Colorado Can’t Afford to Ignore Abandoned Mines

Note: This piece was published by The Denver Gazette on October 6, 2021.

Written by Quentin Septer

More than 23,000 abandoned mines litter Colorado’s Rocky Mountains, according to a joint report from the Colorado Department of Public Health & Environment and the Colorado Department of Natural Resources Division of Reclamation. Thousands of these mines have been leaching acid mine drainage pollution into the state’s watersheds for more than a century. And still, nothing is being done to stop them.

When mining operations upturn the earth, minerals like pyrite are exposed to the atmosphere. This process happens naturally, of course, at the slow, steady pace of erosion. But mining accelerates the process drastically. When water and oxygen encounter pyrite, a chemical reaction occurs, generating a solution of sulfuric acid and dissolved iron. Other metals like copper, lead and mercury dissolve in the runoff, as well. The end result is known as acid mine drainage—a concoction of highly acidic water and exorbitantly high quantities of heavy metals. And when rainfall and snowmelt accumulate in abandoned mine shafts, acid mine drainage tends to form en masse, and the pollution flows on into local streams, rivers, lakes and groundwater, where the health of fish and other aquatic organisms—along with human drinking water—are threatened.
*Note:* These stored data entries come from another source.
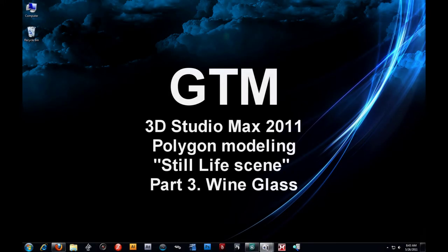Hi, welcome back everybody. This is GTM. Now we're going to continue working on our still life video tutorials here.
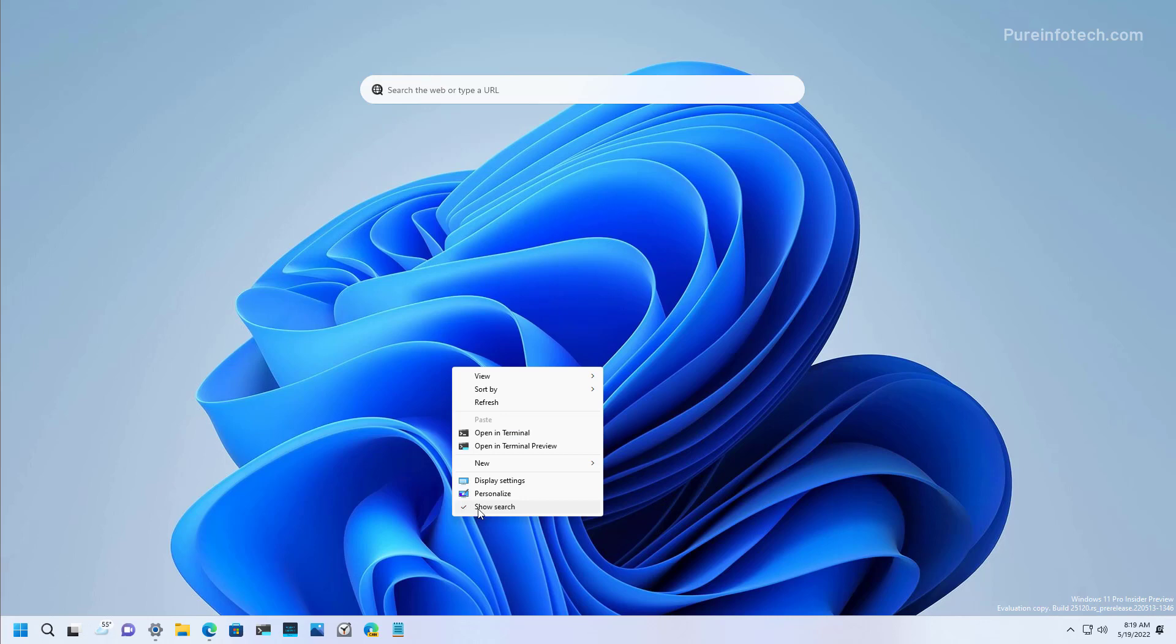However, it is odd that the company has chosen to add the option into the legacy interface instead of using the modern menu. That should have been somewhere in here.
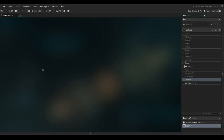Hey everybody, welcome to my new tutorial series on Game Maker Studio 2. In today's tutorial I'm going to show you how to add basic eight-directional movement into your RPG game.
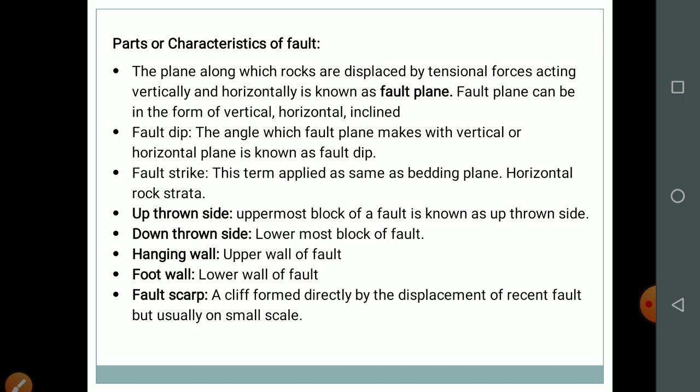The characteristics of a fault: the plane along which rocks are displaced by tensional forces acting vertically and horizontally is known as the fault plane, which can be vertical, horizontal or inclined. The angle which the fault plane makes with the vertical or horizontal plane is known as fault dip. Fault strike applies the same term as for a bedding plane. The uppermost block of the fault is the upthrown side and the lowermost block is the downthrown side. The upper wall of the fault is the hanging wall and the lower wall is the foot wall. A fault scarp is a cliff formed directly by the displacement of a recent fault.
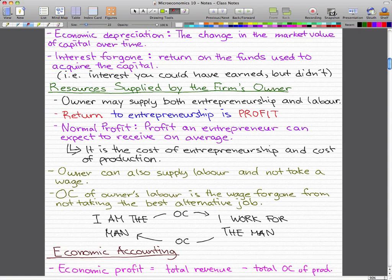We stopped on the last factor, which is resources supplied by the firm's owner, and that's where we'll start off. The owner might supply both entrepreneurship and labor. The return to entrepreneurship — the return for the owner and his efforts — is profit. Normal profit is pretty much the profit an entrepreneur can expect to receive on average. It is the cost of entrepreneurship and the cost of production.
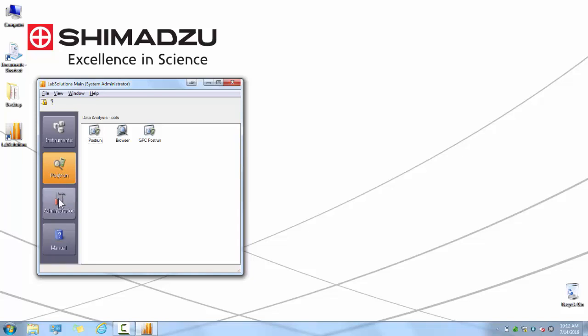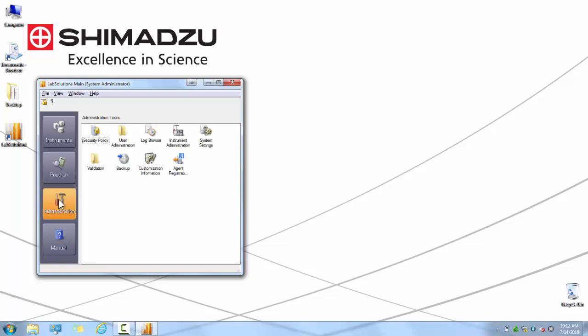The next tab is the Administration tab. Once you have clicked on this tab, you will be able to see all the available administrative features that are available in the software. These include Security Policy, User Administration, Log Browser, Instrument Administration, System Settings, Validation, Backup, Customization Information, and Agent Registration Settings.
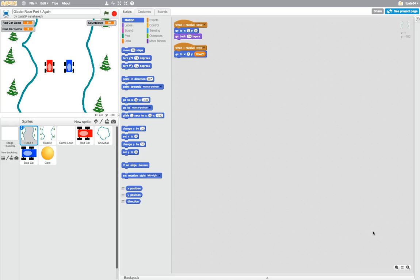Welcome to the final part of our video series where we are creating a Glacier Race game in Scratch. What we've got so far is our two little cars racing through the game. They can collect gems and get scores. We've got a countdown timer that counts down from 20 seconds. We can have collisions with snowballs or the edge of the track, and we can knock each other out of the way. Our game's looking really good.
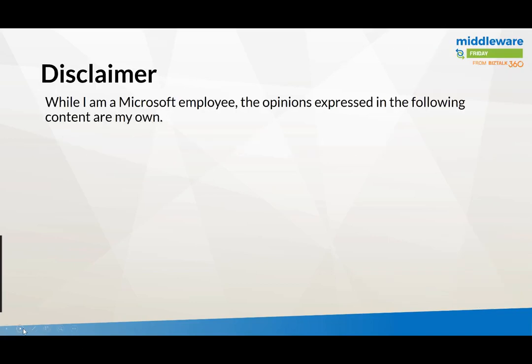The usual disclaimer: while I am a Microsoft employee, the opinions expressed in the following content are my own.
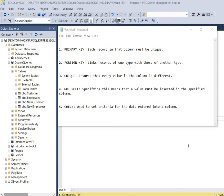Hello everyone, welcome to my channel. Today I will cover how to create constraints in a table. A constraint is a rule that states how data must be entered into a column, and as you can see on the screen there are five main types of constraints.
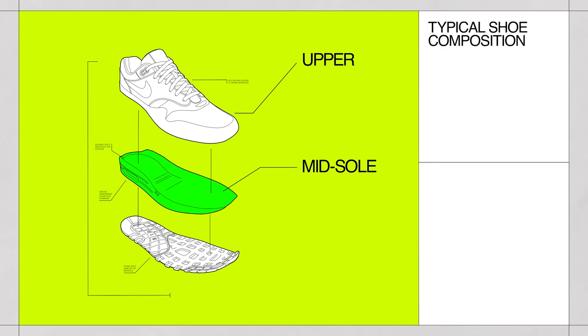An easy way to think about a shoe is an upper that holds you on the platform, the midsole, which provides you cushioning and a footbed to stand on, and the outsole, which gives you durability and traction.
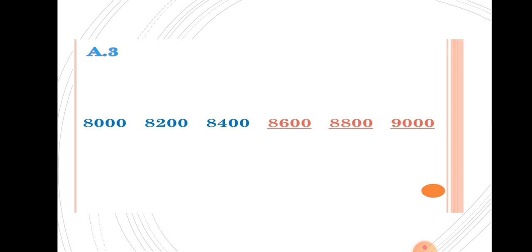Here, 8400 plus 200 equals 8600. Then 8600 plus 200 equals 8800. Clear?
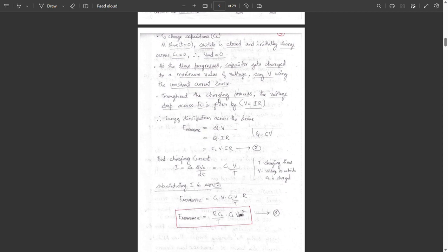The energy dissipation across the device equals Q into V, where V equals I·R, so energy equals Q·I·R. Since Q equals CL·V and the charging current I equals CL·dVc/dt, we can write I as CL·V/T, where V is the voltage up to which CL is charged and T is the charging time.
The pollution flowing from a handful of Colorado’s abandoned mines has attracted the attention of the Environmental Protection Agency. Historically, Colorado has been home to hundreds of Superfund sites—locations so thoroughly polluted that the EPA, among other federal agencies, deem it necessary to step in and clean up the mess. At present, the EPA acknowledges 25 National Priorities List (NPL) sites in the state of Colorado; which are, in effect, Superfund sites in need of further assessment and cleanup. Ten of these sites were directly polluted by historic mining operations.

The vast majority of Colorado’s 23,000-plus abandoned mine sites and their discharge of acid mine drainage escape the scrutiny of the EPA, however. Officials have yet to perform even basic risk assessment analyses on an estimated 80 percent of historic mines populating the nation’s public lands. And among the mines that have been studied, cleanup actions have yet to be initiated in locales failing to meet Superfund criteria. But the fact that an abandoned mine site isn’t assigned Superfund status doesn’t mean such a site poses no threat to the environment. In Colorado’s San Juan Mountains alone, upwards of 400 neglected mines have been leaking a combined 15 million gallons of acid mine drainage into the San Juan and Animas watersheds per day, every day, for more than a century.

Colorado’s forlorn mine sites were established in accordance with the General Mining Act of 1872—a federal law authorizing and governing prospecting and mining claims on America’s public lands. The act is riddled with loopholes, permitting lax environmental safety protocols and hazardous concentrations of acid mine drainage to be discharged into a given mine’s surroundings without recourse. Complicating matters, the founders and operators of these mines died and disbanded long ago. Thus, identifying who, exactly, should be held accountable for these forgotten mine sites and their ongoing pollution of Coloradan and American watersheds remains an open question.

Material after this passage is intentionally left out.